ST. KITTS – Dr. The Honorable Denzil L. Douglas Prime Minister of St. Kitts and Nevis issued the following statement on the U.S. Presidential ELECTIONS during his “Ask the P.M.” on Tuesday, November 4th.

Today, the people of the United States will choose their 44th president. On the ballot are two men with impressive careers of public service – Senator John McCain of Arizona, and Senator Barack Obama of Illinois. As a government that honors the sacred right of all people to choose who would govern them, we will applaud the will of the American people – whatever the outcome – and look forward to working with whomever the people of the United States chooses to lead them over the next four years.

There is something different about this election, however. And it has generated intense interest and excitement in every corner of the globe. And because Senator Obama is of African descent, the utterly brilliant race he has run against the most powerful and impressive opponents in both the Republican and Democratic Parties, fills us – also people of African descent – with a sense of awe, and wonder, and hope, and pride. It fills us anew with a sense of life’s possibilities….it makes us think about our own capabilities. It reminds us, as individuals and as a nation, of what is possible when there is discipline…..dignity…..perseverance. It reminds us – with electrifying clarity – of what is possible when there is a commitment to excellence.

No-one knows what the American people will decide today. But what we do know is that based purely on logic…..on history……on statistical probabilities…….and on political reality, it was supposed to be IMPOSSIBLE for Barack Obama to have scaled these dizzying heights. It was supposed to be impossible for him to have run what everyone everywhere acknowledges was the most disciplined and brilliant political race in American history. But he has. And in the process he has won the love, the respect, and the fervent prayers, not only of black Americans, not only of white Americans, not only of Hispanic Americans, Native Americans, Asian Americans, but, as I have said, of people all over the world.

This has been Barack Obama’s gift to us – as people of African descent.

His gift has been his example – and that example has shattered and blown to bits the most awful and painful stereotypes.

So, the question is – what do we owe to him – and to each other?

My fellow nationals, let us praise and celebrate Barack Obama’s accomplishments. But let us not stop there. It is not enough to simply grab the fruits of his hard work and discipline in celebration. We must also give back to him – and to each other.

What can we learn from Barack Obama?

He was born into a humble home – but he had a mother and grandparents who loved him….guided him…..shaped him. Indeed his mother would make him rise early to do his homework and would sit with him just to encourage him. We, as parents and grandparents, have a responsibility not just to feed and clothe, but to shape and mold.

Obama’s father was a brilliant, confident, and well-respected man who, though not wealthy as a child growing up in Kenya, was at the very top of his graduating class at the University of Hawaii, and then went on to study at Harvard. Obama did not grow up with his father, but hearing these stories about his father as a boy greatly inspired him. Whatever our station in life, all of us have an obligation to be examples to our children.

As a teenager, Obama went through a period when he was both sad and lost.
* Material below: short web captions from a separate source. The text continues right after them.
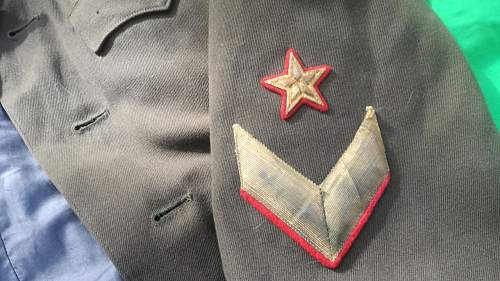 Major General tunic of the 1940 regulations.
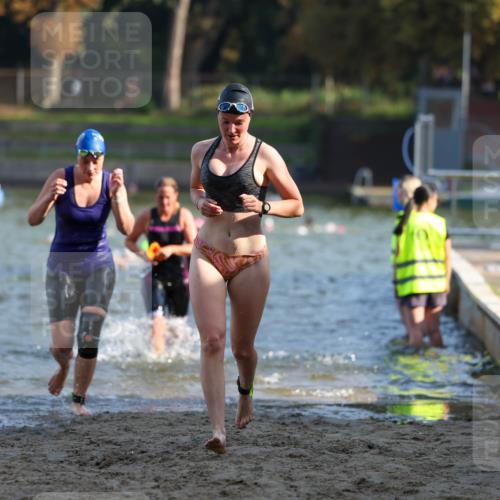 08.09.2024 - Stadtparktriathlon Michael Strokosch http://msf.ph/oto/7027690 08.09.2024 10:13:47 Schwimmen 305, 318, 363 meine-sportfotos.de
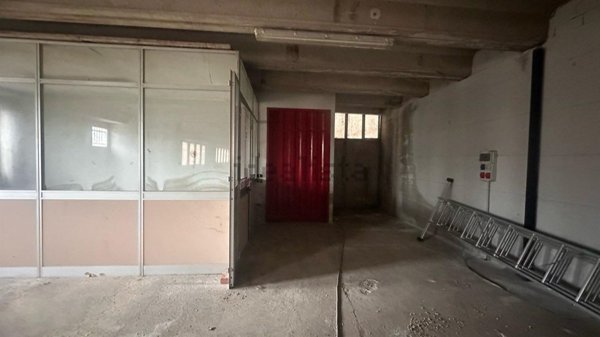 capannone in vendita a Cassano Magnago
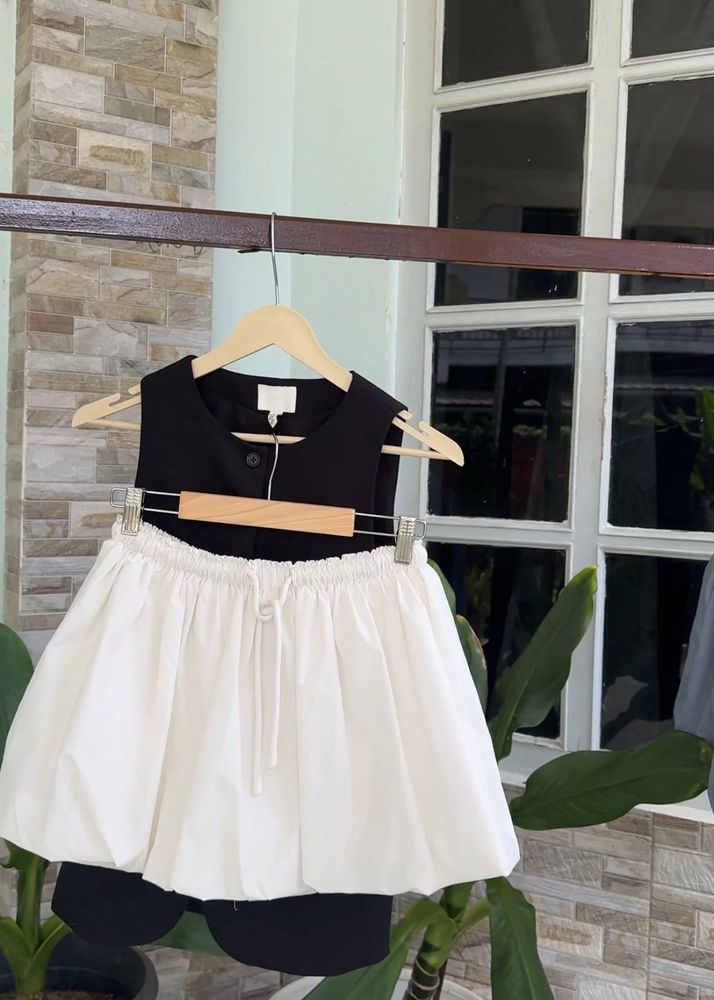 White ballon Skirt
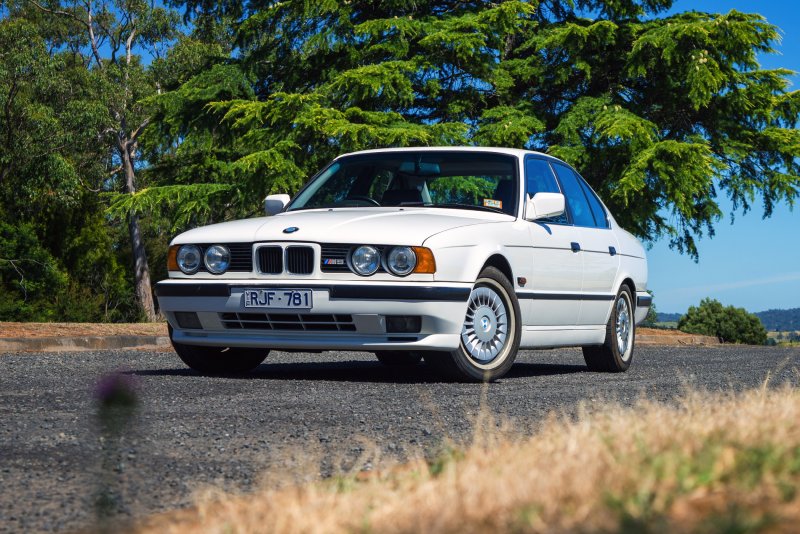 BMW 5 e34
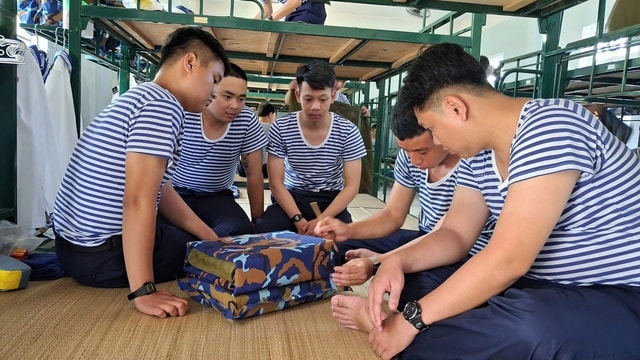 Ngày đầu tiên của tân binh ở Vùng 3 Hải quân- Ảnh 2. Ngày đầu tiên của tân binh ở Vùng 3 Hải quân- Ảnh 2.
His life could have gone either way. But he found his way back. As adults, we must reach out not only to our own children, but to any child who seems to be losing their way. There is often greater potential beneath the confusion and despair of the young than meets the eye.

Most importantly, throughout his childhood, what Obama’s mother instilled in him, with greatest dedication and steadfastness, was the importance of empathy and compassion….a concern for others. As a man, this became his guiding philosophy – and this has been, really, the clarion call of his campaign – that we are our brothers keeper. We in this country must recognize the stabilizing power of this philosophy.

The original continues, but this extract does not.